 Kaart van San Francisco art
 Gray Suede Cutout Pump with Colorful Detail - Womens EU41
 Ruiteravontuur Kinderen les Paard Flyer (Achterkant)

---

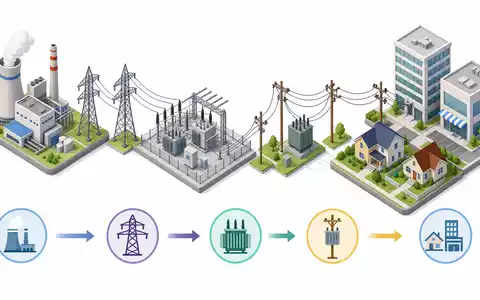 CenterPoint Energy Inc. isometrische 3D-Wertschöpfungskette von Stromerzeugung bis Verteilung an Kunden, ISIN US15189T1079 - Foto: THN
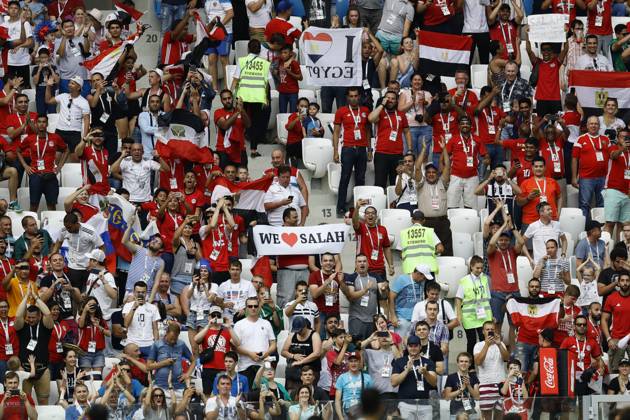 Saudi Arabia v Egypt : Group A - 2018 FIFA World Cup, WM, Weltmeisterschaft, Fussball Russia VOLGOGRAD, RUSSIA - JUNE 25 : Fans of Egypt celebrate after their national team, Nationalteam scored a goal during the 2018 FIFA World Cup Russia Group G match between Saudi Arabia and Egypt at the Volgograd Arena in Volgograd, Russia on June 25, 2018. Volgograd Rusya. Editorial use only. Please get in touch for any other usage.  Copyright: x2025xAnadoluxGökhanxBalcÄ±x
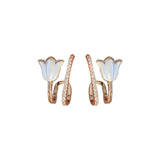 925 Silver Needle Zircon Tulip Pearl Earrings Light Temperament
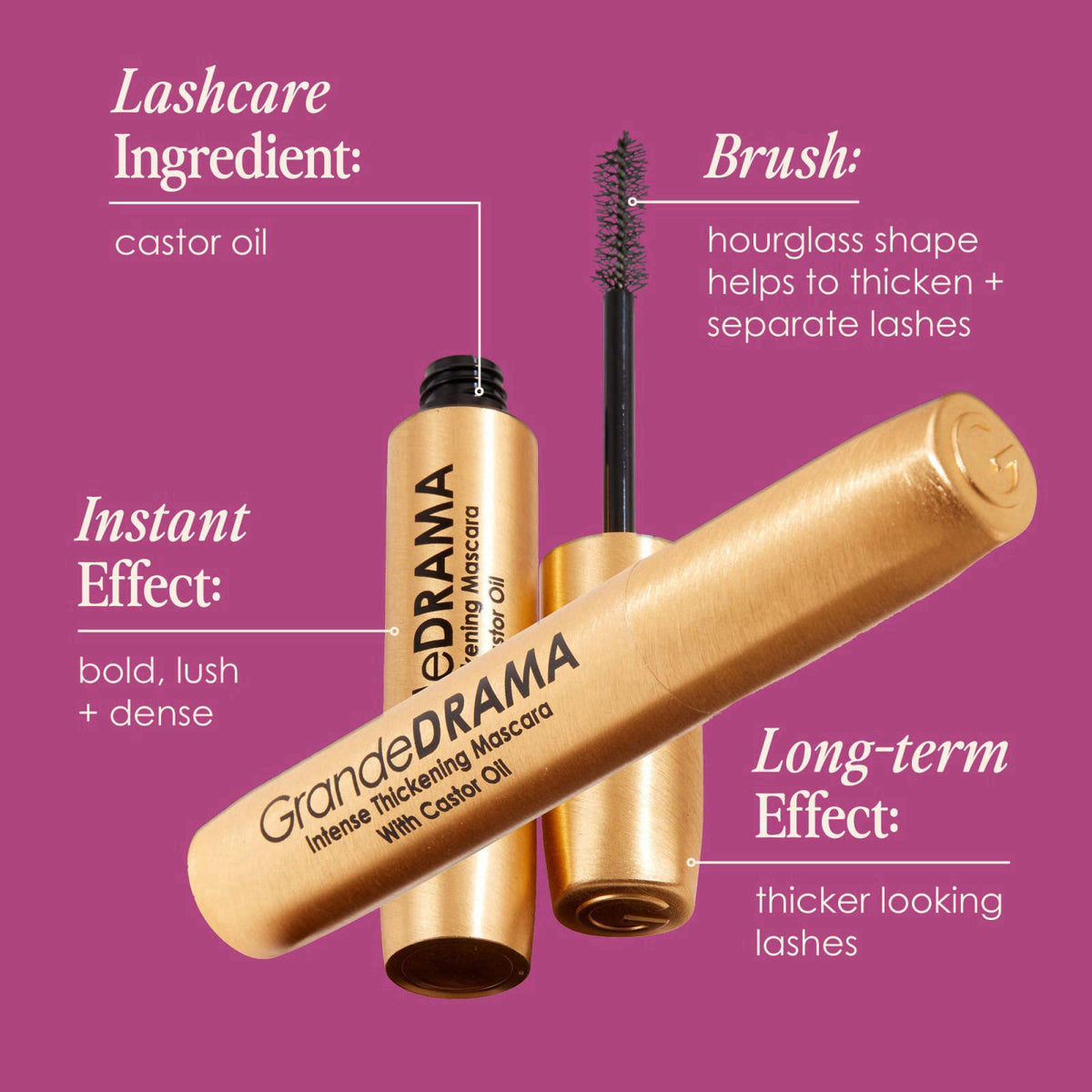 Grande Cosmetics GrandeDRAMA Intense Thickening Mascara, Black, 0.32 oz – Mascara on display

## Directions for this task
The reply should hold exactly the lines above, starting at the line with "925 Silver Needle" and ending at the line with "Grande Cosmetics GrandeDRAMA", and no pictures.

## Task response
 925 Silver Needle Zircon Tulip Pearl Earrings Light Temperament
 Grande Cosmetics GrandeDRAMA Intense Thickening Mascara, Black, 0.32 oz – Mascara on display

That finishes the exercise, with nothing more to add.